> [WHAT IS NEEDED]: Each line of the data that includes "Vintage" must be copied.

___ DATA SHOWN ___

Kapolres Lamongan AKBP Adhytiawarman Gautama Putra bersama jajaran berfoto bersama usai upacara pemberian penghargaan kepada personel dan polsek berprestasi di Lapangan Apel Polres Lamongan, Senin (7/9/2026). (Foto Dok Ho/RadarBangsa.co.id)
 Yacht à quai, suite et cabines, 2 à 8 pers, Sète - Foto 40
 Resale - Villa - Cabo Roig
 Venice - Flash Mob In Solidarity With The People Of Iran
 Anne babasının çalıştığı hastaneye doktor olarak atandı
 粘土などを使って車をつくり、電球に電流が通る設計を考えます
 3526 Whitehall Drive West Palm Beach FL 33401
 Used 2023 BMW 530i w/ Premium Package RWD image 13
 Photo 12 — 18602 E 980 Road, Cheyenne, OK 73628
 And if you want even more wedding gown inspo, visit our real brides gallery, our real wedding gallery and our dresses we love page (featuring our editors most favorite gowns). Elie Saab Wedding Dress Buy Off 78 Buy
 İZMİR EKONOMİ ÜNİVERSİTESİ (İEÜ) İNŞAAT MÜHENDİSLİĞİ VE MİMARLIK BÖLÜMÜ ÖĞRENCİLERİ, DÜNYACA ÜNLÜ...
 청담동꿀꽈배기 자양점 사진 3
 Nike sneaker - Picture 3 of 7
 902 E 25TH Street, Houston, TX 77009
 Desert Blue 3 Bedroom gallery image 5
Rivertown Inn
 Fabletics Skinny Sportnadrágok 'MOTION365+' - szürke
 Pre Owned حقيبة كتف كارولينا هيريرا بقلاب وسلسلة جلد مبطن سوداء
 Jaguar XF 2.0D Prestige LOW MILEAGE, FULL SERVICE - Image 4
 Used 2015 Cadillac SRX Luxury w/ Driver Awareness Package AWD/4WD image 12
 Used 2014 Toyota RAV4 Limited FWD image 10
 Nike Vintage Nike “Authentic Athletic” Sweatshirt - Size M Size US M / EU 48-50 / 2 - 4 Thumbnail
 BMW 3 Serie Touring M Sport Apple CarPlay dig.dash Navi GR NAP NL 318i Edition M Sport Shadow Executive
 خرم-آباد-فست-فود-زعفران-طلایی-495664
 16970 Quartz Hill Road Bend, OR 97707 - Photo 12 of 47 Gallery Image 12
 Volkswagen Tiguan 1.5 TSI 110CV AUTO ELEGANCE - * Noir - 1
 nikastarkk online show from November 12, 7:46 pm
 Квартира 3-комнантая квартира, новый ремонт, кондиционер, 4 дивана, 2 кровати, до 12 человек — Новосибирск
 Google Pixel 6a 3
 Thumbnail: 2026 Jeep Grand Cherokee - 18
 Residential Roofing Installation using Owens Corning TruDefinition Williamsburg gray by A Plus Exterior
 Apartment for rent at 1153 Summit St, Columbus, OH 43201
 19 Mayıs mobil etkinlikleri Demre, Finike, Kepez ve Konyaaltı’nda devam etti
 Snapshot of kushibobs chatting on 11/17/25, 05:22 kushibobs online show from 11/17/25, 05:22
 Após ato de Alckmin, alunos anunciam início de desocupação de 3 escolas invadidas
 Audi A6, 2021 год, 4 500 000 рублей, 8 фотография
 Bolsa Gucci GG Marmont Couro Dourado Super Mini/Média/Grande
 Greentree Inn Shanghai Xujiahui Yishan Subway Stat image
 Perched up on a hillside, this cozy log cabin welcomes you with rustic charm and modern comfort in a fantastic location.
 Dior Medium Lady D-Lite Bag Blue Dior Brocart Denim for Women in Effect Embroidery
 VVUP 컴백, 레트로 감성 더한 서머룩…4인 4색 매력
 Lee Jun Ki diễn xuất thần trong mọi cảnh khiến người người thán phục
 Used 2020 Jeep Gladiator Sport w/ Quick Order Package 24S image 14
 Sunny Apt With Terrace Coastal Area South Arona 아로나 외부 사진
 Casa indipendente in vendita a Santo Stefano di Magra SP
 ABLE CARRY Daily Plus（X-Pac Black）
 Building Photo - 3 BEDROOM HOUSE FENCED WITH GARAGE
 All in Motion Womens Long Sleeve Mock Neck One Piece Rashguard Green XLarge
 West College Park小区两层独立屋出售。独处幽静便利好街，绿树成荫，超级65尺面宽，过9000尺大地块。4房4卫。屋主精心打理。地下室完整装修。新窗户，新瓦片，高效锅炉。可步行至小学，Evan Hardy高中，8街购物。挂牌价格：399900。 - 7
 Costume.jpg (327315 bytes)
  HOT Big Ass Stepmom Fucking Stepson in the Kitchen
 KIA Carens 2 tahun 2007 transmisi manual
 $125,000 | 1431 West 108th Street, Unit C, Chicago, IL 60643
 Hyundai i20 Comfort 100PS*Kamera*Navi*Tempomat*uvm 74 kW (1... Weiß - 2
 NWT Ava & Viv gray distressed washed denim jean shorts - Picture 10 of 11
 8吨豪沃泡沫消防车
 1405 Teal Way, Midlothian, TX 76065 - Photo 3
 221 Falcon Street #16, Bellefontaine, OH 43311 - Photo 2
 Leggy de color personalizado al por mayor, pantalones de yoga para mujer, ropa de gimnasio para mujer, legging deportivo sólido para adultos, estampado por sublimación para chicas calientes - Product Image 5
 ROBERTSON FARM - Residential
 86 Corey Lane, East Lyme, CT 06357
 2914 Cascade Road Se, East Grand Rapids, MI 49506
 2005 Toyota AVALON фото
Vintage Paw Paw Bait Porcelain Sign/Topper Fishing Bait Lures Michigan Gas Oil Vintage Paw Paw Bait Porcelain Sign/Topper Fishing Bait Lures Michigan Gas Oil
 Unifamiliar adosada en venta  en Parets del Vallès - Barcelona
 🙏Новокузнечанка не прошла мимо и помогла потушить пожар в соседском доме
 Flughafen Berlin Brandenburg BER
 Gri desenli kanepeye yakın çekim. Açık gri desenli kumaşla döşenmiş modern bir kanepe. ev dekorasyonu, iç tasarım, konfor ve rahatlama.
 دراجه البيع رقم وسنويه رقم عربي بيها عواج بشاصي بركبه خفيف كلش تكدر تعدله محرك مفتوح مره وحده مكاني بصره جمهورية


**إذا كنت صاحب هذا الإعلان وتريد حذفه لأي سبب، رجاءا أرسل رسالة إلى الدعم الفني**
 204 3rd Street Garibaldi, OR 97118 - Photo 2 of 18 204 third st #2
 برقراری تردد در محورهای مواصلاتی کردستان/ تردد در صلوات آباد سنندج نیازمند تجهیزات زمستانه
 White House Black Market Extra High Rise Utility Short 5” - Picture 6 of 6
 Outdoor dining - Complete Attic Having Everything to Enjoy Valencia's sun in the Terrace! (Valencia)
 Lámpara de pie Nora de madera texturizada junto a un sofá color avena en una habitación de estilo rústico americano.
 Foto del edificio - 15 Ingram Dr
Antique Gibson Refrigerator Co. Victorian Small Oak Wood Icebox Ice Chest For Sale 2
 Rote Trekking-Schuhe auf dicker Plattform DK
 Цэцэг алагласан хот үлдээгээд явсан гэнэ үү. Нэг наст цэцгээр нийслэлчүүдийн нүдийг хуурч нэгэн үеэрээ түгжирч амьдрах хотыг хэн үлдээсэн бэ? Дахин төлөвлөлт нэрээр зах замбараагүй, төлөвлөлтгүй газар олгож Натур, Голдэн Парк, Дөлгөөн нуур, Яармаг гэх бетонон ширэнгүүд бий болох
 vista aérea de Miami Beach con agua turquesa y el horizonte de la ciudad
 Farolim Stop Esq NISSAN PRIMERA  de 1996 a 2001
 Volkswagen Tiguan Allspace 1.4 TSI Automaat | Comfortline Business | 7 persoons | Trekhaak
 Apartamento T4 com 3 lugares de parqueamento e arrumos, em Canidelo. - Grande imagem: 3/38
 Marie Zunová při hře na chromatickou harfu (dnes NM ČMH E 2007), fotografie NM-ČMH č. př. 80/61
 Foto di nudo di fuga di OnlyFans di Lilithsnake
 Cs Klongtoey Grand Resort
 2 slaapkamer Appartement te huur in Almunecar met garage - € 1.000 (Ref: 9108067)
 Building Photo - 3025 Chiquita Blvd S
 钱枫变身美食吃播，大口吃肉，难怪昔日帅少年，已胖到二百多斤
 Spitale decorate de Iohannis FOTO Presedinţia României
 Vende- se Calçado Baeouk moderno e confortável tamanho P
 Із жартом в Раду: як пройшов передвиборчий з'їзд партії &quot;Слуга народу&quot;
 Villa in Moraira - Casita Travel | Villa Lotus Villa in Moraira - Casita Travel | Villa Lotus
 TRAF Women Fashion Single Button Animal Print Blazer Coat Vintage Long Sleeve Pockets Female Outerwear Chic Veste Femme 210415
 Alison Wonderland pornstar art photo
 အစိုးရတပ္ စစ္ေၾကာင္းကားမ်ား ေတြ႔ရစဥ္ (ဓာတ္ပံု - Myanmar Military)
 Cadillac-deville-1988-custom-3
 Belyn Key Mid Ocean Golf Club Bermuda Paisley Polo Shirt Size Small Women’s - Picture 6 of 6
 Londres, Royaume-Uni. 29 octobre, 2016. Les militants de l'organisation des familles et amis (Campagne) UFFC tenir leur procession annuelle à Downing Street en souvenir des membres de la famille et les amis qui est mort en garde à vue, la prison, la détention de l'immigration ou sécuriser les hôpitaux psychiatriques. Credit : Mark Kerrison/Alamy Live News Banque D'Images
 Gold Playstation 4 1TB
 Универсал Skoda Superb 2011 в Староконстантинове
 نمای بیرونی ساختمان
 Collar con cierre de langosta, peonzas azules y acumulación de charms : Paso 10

___

> [EXPECTED ANSWER]:
 Nike Vintage Nike “Authentic Athletic” Sweatshirt - Size M Size US M / EU 48-50 / 2 - 4 Thumbnail
Vintage Paw Paw Bait Porcelain Sign/Topper Fishing Bait Lures Michigan Gas Oil Vintage Paw Paw Bait Porcelain Sign/Topper Fishing Bait Lures Michigan Gas Oil
 TRAF Women Fashion Single Button Animal Print Blazer Coat Vintage Long Sleeve Pockets Female Outerwear Chic Veste Femme 210415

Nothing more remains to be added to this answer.